• **TASK INPUTS**
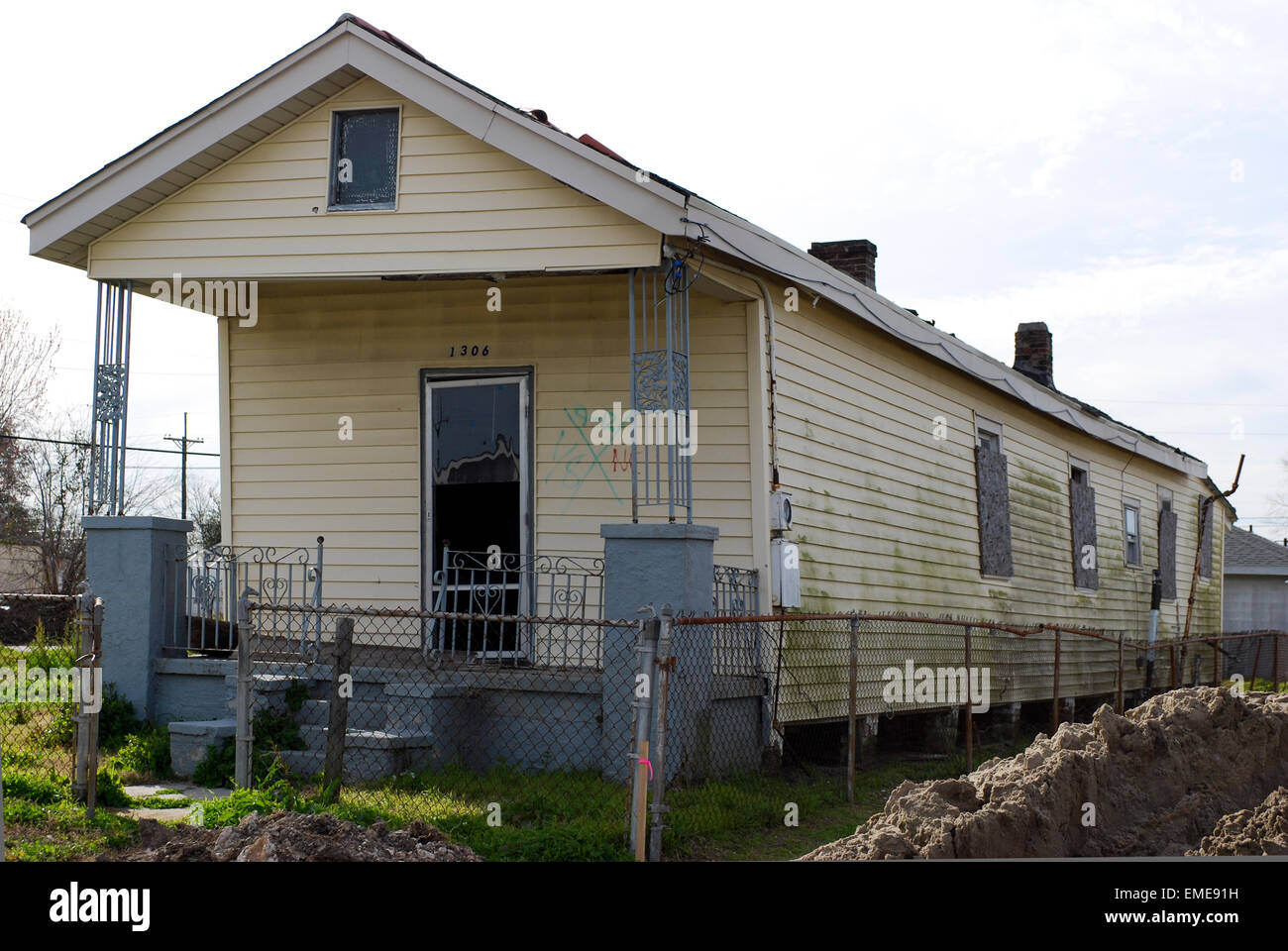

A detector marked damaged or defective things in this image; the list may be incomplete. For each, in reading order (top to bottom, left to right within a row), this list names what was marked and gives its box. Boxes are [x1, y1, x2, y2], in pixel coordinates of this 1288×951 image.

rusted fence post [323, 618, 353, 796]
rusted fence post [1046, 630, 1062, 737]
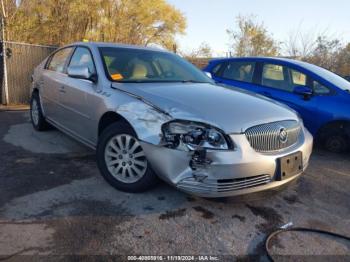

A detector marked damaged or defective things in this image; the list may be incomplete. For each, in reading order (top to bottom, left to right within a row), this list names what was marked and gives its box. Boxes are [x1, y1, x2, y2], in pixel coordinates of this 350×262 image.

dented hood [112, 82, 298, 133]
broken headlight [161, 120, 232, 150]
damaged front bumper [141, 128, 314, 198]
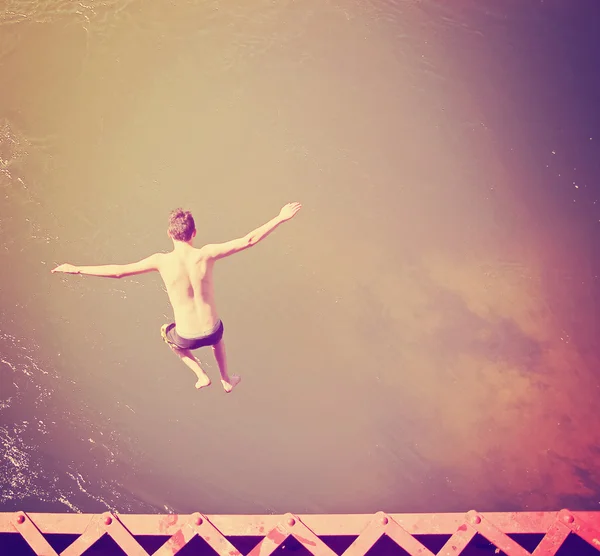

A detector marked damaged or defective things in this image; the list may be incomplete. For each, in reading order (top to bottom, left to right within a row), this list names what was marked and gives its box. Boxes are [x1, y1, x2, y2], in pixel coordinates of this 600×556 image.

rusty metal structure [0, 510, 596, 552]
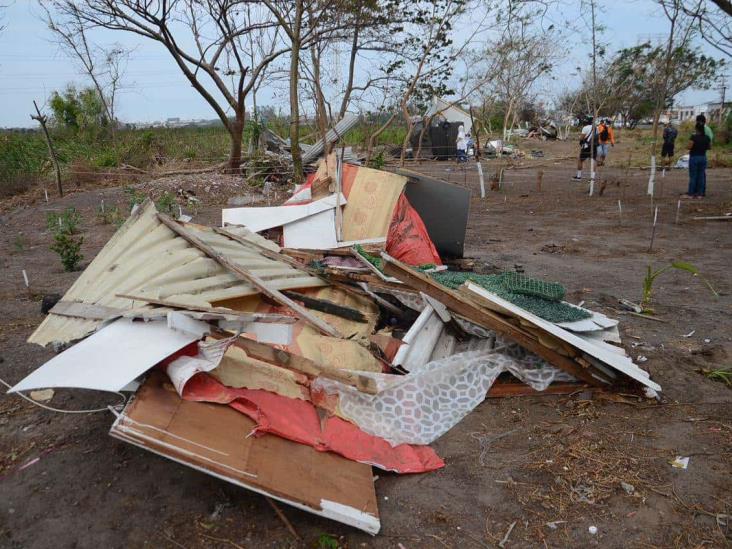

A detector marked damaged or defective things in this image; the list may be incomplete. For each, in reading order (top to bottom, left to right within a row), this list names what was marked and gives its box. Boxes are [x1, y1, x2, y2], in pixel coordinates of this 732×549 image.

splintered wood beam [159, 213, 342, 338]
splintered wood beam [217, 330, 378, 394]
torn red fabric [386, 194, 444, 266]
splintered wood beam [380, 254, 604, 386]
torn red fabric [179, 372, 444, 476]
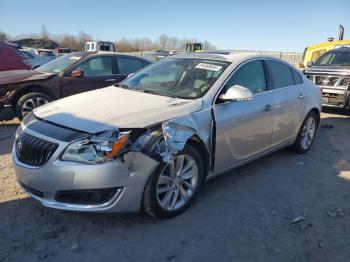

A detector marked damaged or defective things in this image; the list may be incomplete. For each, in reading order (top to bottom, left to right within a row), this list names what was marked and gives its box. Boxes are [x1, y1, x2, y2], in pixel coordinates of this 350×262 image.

• **ASSIGNMENT**
Exactly as written, restate the lines from the one that contains "this 732×549 image." through the final line of the data, both ends included, but leave out the pictures.

• **SOLUTION TO THE PROBLEM**
A detector marked damaged or defective things in this image; the list may be incomplete. For each, in reading order (top to bottom, left to right within a row), this list names what was marked and gives its box. Boxes are [x1, y1, x2, y2], in pixel coordinates of this 732×549 image.

splintered wood beam [159, 213, 342, 338]
splintered wood beam [217, 330, 378, 394]
torn red fabric [386, 194, 444, 266]
splintered wood beam [380, 254, 604, 386]
torn red fabric [179, 372, 444, 476]

A detector marked damaged or defective things in this image; the list may be incomplete. For each, in reading order (top to bottom, left to right within a row), this list names what was marked and gives its box. Boxes are [x1, y1, x2, y2], in pixel coordinates of this 350×262 image.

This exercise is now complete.